When looking up elements, this data structure gives us an unparalleled O(1) performance! It uses a key, which is then encoded by a hashing function into an integer, which is in turn used to access a position in an array. It's instant access. We have only to translate our key into an index and remember which key denotes which data.

But, as always, there are also problems. The hashing function can from time to time produce the same index for different keys (this is called a collision). We can resolve that problem in two ways - either we form a list of elements for a given index (chaining), or we just look for another free place in the array, in the simplest case for the next one (open addressing). The first method results in bad data locality; the second is more complicated to implement and requires users to define a special value denoting a deleted element. However, because of such a good lookup performance, there is much research ongoing to optimize both those strategies, with open addressing generally held to be more performant.

The Standard Template Library (STL) uses the chaining implementation because the C++ standard requires pointer stability for an unordered_map.
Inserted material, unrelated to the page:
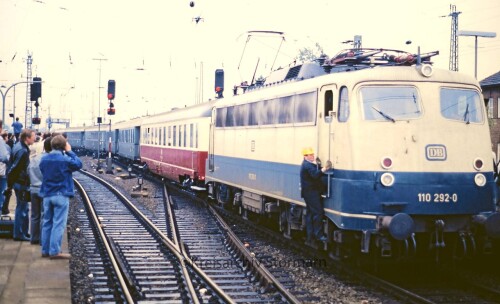 Bahnhof_Altona_BR_110_292_Salonwagen_Sonderzug_1988.jpg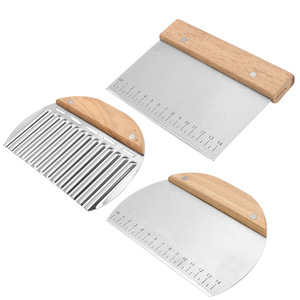 Grattoir à pâte en acier inoxydable avec manche en bois et échelle, grattoir de cuisine multi-formes, découpeur ondulé pour la pâtisserie et la découpe de légumes - Product Image 3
If you want to use the open addressing scheme Google's dense_hash_map is a well-known implementation and there is a recent F14 hash table from Facebook's Folly library. 

The second problem with hash tables is the handling of the internal array growth - when the hash table is automatically resized, all its elements have to be rehashed! Thus, we say that the O(1) search complexity is only an amortized complexity—with a choice of the right growth strategy, the reallocation costs counted together with the regular access times still give us the asymptotic O(1) complexity.

Another problem with hash tables is that for bad hashing functions the hash table will have too many collisions and will degenerate! For example, a chaining implementation could degenerate into a single list with search times back to the array's O(n)!